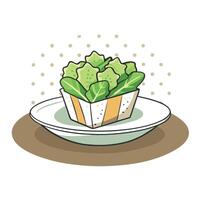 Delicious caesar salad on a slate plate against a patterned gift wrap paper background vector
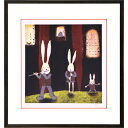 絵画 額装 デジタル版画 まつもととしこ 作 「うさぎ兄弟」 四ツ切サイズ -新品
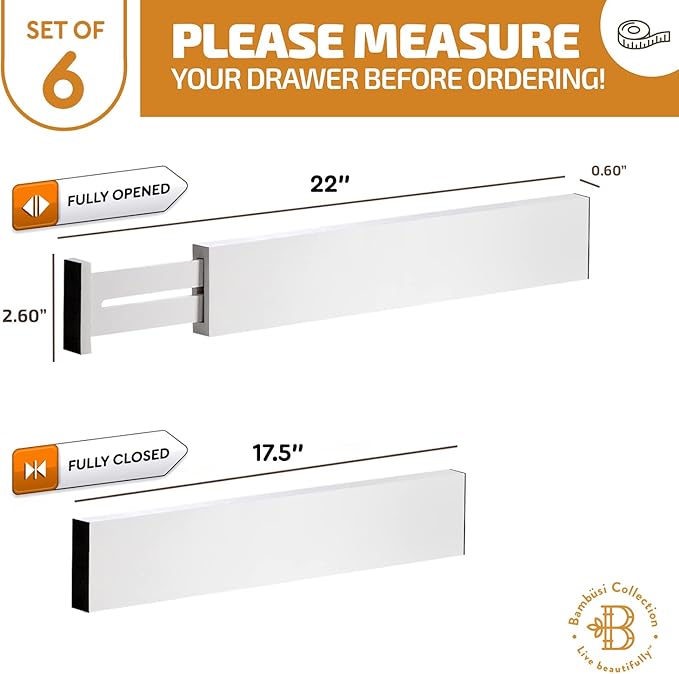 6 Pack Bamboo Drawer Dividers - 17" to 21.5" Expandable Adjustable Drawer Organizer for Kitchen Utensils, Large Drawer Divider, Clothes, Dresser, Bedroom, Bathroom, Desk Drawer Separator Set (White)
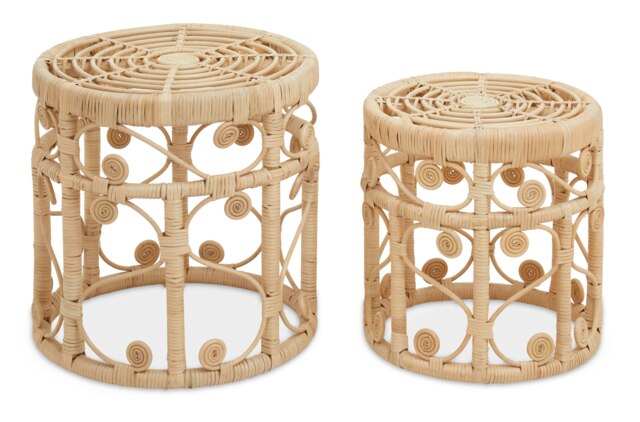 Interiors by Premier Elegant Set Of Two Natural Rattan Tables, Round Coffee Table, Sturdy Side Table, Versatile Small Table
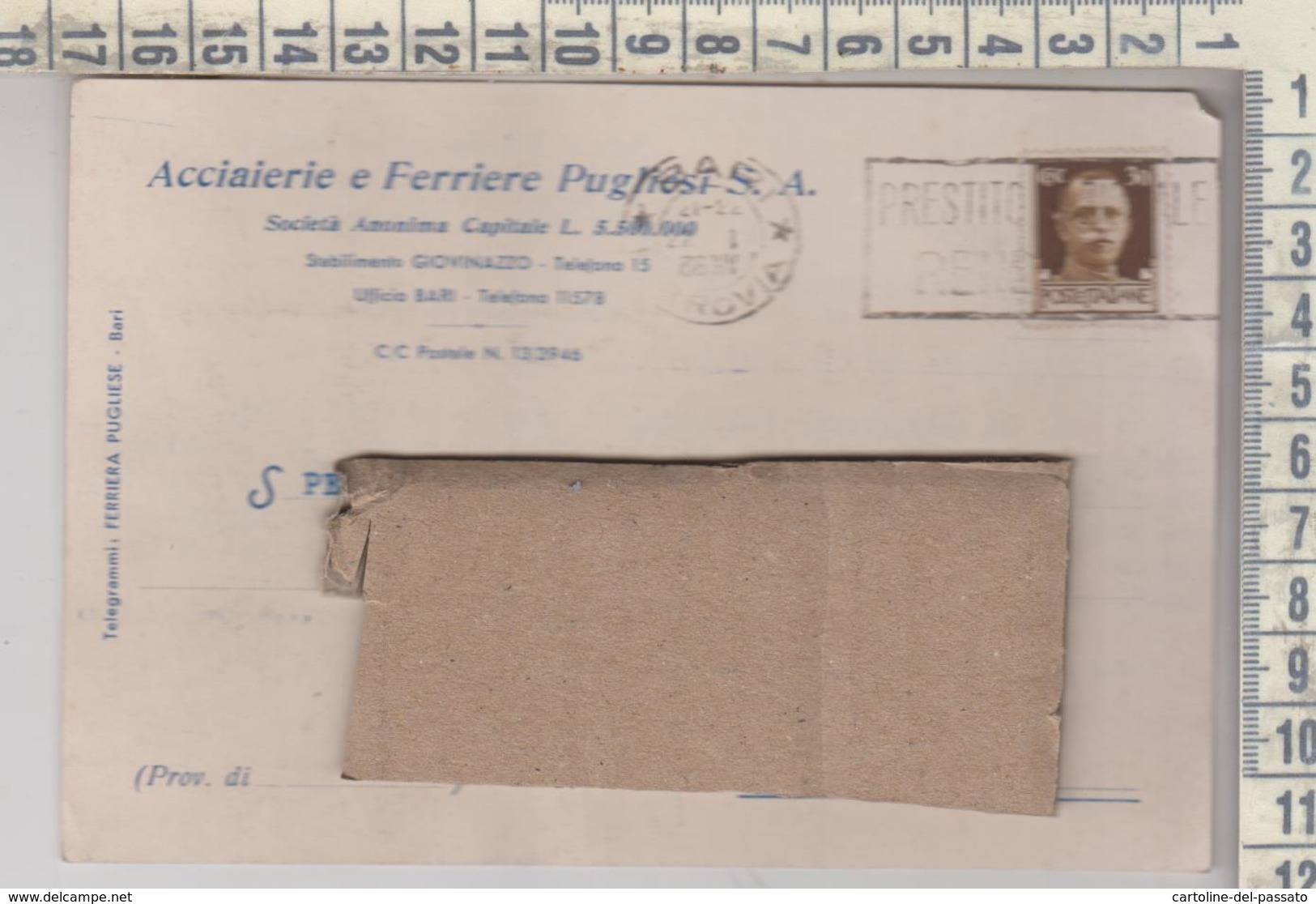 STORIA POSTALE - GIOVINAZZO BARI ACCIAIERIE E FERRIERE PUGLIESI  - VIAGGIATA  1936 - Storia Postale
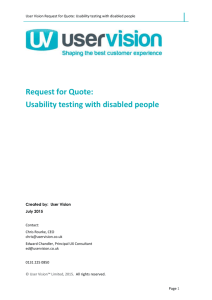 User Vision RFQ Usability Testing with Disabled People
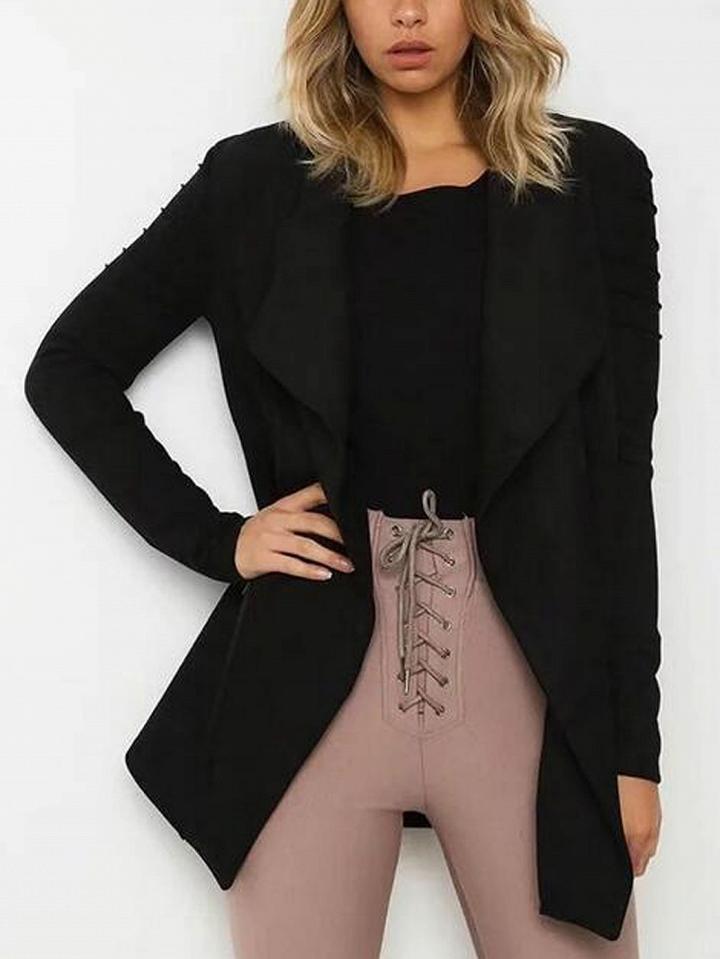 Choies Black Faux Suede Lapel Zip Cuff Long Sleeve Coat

────────────────────

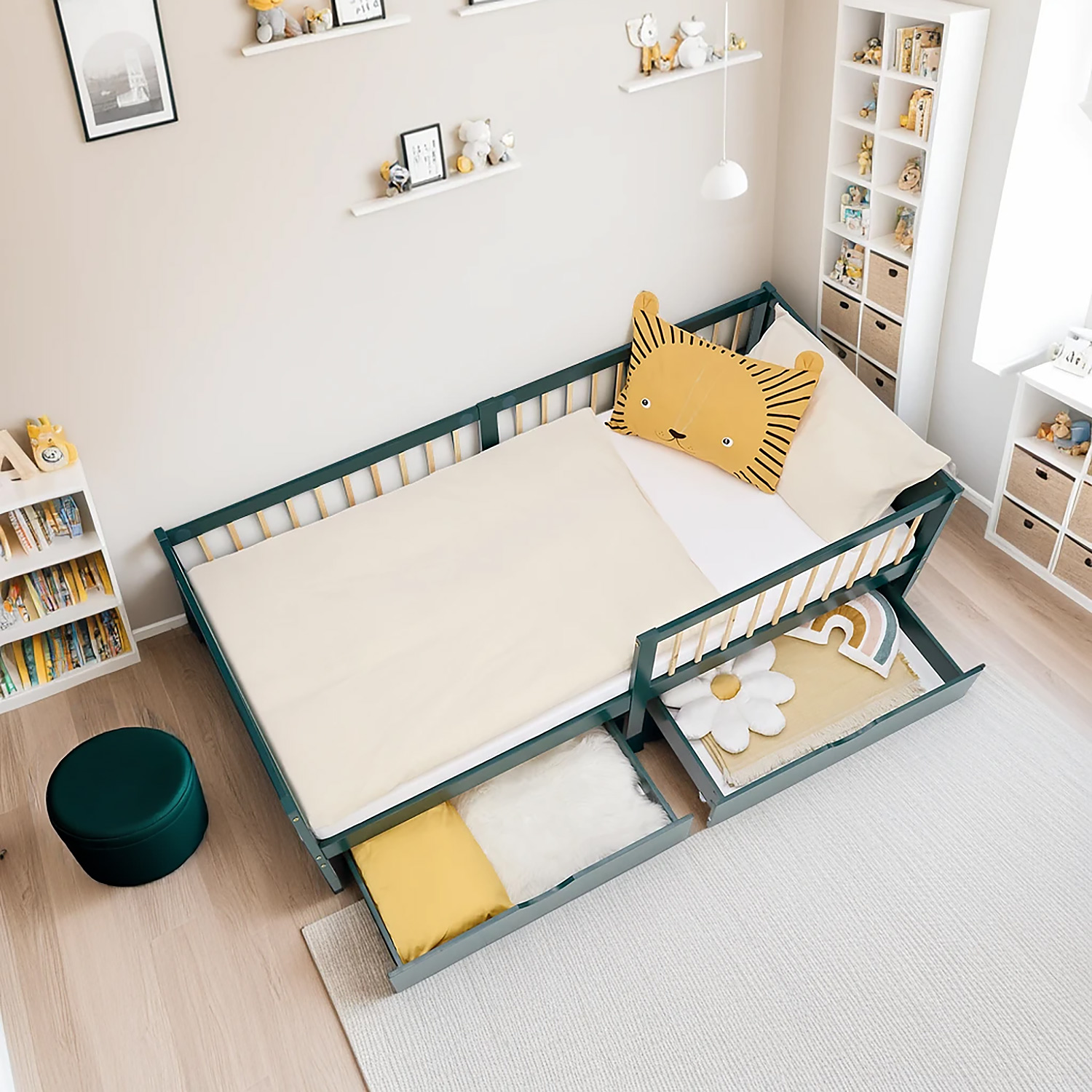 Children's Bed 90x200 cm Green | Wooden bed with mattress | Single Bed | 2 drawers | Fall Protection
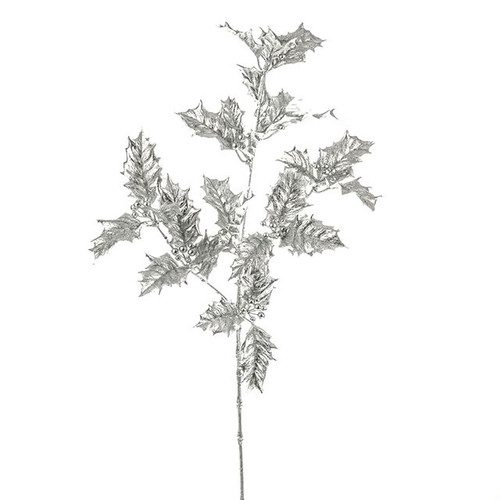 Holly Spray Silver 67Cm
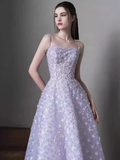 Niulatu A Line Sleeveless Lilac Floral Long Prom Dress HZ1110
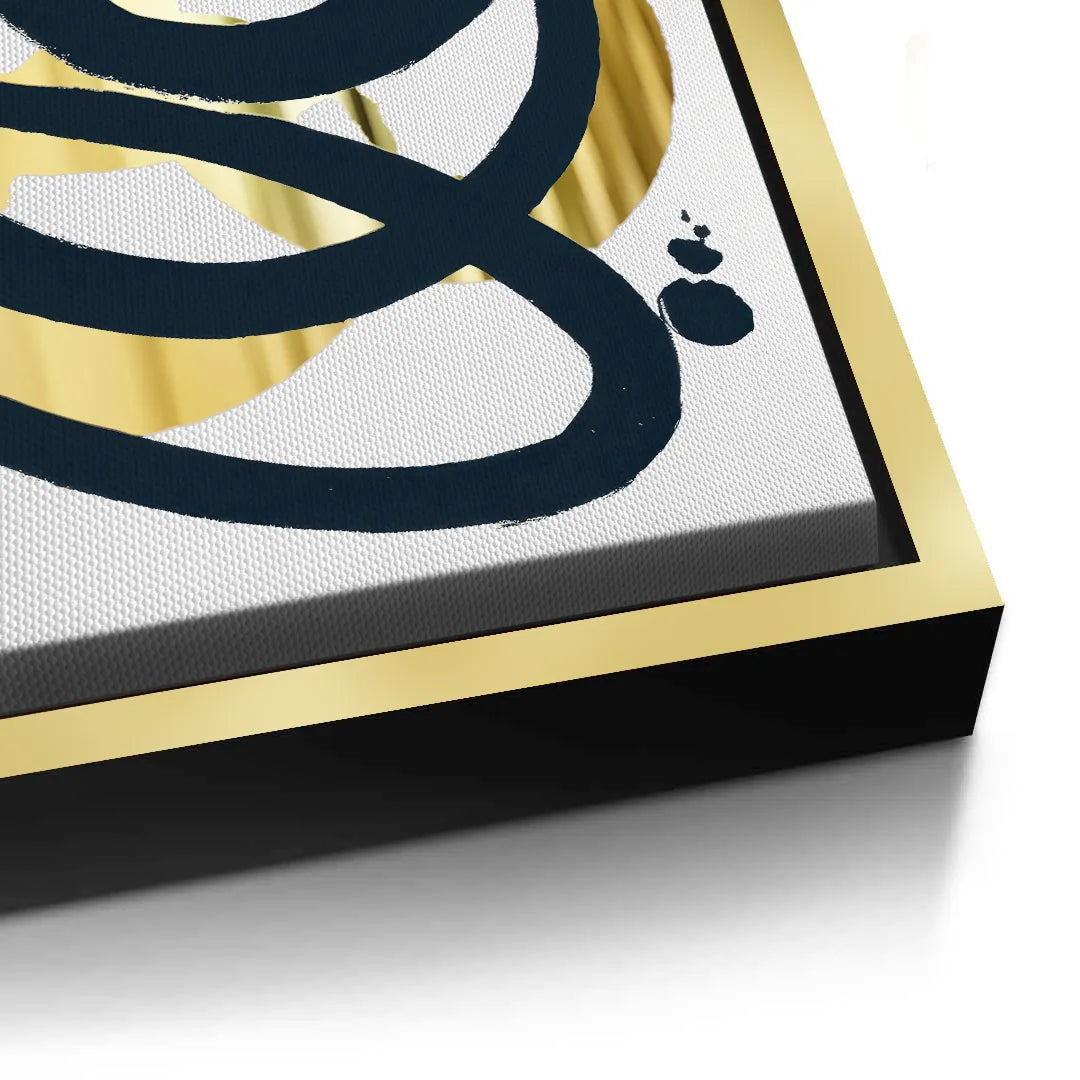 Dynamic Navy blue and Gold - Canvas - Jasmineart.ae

────────────────────

Precisely those lines above that run from the line with "STORIA POSTALE - GIOVINAZZO" up to and including the line with "Choies Black Faux" are to be set down, with the pictures omitted.

Solved exercise:
 STORIA POSTALE - GIOVINAZZO BARI ACCIAIERIE E FERRIERE PUGLIESI  - VIAGGIATA  1936 - Storia Postale
 User Vision RFQ Usability Testing with Disabled People
 Choies Black Faux Suede Lapel Zip Cuff Long Sleeve Coat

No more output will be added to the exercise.